Material supplied
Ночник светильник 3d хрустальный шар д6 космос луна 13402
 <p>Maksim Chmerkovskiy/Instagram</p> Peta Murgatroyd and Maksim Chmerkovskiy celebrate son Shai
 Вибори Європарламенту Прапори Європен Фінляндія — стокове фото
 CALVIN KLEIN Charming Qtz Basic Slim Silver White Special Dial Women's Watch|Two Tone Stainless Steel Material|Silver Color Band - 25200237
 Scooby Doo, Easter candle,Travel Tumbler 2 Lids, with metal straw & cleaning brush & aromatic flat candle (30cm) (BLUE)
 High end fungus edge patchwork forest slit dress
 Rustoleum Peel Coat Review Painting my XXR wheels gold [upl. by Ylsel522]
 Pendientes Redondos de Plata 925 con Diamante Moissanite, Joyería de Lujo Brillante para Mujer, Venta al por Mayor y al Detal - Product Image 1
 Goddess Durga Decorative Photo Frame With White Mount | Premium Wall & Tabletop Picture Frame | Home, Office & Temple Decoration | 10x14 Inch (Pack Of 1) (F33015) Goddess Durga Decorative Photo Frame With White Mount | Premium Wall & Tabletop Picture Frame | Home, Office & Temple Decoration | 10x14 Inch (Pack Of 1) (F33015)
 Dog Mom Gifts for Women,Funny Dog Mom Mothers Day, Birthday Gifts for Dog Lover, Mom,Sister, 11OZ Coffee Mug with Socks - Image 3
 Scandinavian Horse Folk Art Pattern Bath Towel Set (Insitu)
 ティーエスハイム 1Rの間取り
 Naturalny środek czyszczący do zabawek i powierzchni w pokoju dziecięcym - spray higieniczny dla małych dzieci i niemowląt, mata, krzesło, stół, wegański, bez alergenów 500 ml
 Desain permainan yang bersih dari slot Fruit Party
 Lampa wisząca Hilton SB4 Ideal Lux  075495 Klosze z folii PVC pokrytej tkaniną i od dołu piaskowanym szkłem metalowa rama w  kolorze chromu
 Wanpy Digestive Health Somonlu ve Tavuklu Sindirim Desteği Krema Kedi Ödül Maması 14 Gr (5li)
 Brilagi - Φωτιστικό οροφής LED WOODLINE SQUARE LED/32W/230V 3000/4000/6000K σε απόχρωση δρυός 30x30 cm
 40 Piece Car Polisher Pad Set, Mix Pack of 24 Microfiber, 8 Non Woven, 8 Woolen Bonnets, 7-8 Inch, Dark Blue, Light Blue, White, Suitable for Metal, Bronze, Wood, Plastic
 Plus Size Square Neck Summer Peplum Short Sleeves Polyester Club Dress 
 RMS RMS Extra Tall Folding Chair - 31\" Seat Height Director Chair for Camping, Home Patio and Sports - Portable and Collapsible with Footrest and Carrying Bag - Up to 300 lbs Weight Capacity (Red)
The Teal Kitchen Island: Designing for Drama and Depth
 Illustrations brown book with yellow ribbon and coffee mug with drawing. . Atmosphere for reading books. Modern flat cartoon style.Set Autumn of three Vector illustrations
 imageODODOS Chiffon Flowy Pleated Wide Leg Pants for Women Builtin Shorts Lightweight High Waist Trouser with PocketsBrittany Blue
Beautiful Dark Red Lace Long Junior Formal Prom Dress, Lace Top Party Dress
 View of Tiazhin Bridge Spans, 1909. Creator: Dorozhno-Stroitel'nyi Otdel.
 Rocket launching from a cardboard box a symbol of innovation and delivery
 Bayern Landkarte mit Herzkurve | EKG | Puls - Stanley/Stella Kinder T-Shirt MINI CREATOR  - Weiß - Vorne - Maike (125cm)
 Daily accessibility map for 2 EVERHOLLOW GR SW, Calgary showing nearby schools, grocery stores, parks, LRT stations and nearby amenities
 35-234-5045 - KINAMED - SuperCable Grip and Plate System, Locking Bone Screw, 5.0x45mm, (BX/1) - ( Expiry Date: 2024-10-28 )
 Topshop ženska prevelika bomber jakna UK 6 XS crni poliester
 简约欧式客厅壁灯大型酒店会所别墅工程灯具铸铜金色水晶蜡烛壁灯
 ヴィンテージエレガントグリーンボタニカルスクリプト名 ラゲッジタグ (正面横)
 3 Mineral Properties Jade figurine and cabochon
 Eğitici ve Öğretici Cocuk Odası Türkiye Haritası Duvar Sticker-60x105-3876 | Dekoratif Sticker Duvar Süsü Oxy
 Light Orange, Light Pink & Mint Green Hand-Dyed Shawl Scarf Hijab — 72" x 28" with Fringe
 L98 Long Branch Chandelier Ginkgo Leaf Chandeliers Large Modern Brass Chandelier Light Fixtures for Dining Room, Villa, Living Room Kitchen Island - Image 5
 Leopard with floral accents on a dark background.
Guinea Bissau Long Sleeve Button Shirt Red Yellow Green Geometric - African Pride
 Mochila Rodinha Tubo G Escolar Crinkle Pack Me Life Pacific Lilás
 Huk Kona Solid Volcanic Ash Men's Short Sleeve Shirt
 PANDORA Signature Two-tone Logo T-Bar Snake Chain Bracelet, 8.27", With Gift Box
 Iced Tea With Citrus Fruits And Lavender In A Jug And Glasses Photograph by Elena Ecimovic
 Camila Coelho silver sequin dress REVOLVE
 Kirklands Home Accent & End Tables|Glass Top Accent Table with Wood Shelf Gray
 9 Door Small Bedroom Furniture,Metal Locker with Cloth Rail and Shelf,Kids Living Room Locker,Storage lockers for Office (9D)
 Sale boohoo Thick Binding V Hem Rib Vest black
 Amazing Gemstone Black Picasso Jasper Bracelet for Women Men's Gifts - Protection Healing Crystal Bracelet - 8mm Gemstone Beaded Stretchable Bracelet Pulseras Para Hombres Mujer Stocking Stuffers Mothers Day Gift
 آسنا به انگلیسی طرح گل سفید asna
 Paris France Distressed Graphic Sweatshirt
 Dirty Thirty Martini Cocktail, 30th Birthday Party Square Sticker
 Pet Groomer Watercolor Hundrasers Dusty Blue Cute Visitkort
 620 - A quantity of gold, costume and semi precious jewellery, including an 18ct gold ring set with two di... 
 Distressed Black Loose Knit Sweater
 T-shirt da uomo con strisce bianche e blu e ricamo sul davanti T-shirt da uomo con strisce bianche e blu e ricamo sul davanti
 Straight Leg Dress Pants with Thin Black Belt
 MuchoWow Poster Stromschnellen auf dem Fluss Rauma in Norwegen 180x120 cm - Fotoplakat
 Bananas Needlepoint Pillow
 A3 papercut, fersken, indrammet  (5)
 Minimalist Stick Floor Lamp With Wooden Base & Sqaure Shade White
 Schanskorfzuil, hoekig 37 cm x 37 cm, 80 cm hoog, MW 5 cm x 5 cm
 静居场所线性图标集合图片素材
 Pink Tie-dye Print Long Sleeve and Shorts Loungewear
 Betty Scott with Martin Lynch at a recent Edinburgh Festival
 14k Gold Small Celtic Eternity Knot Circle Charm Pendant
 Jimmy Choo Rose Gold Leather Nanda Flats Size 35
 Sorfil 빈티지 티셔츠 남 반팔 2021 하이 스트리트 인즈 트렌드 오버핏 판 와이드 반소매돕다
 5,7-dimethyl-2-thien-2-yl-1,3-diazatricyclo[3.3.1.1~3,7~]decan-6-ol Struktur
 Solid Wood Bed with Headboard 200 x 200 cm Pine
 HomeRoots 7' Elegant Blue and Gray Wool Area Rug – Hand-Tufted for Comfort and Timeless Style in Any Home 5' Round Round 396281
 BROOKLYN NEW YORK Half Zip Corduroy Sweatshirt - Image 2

What you will do
Only the lines from the beginning of the listing through the line containing "CALVIN KLEIN Charming" are wanted, each restated word for word.

Solution to the problem
Ночник светильник 3d хрустальный шар д6 космос луна 13402
 <p>Maksim Chmerkovskiy/Instagram</p> Peta Murgatroyd and Maksim Chmerkovskiy celebrate son Shai
 Вибори Європарламенту Прапори Європен Фінляндія — стокове фото
 CALVIN KLEIN Charming Qtz Basic Slim Silver White Special Dial Women's Watch|Two Tone Stainless Steel Material|Silver Color Band - 25200237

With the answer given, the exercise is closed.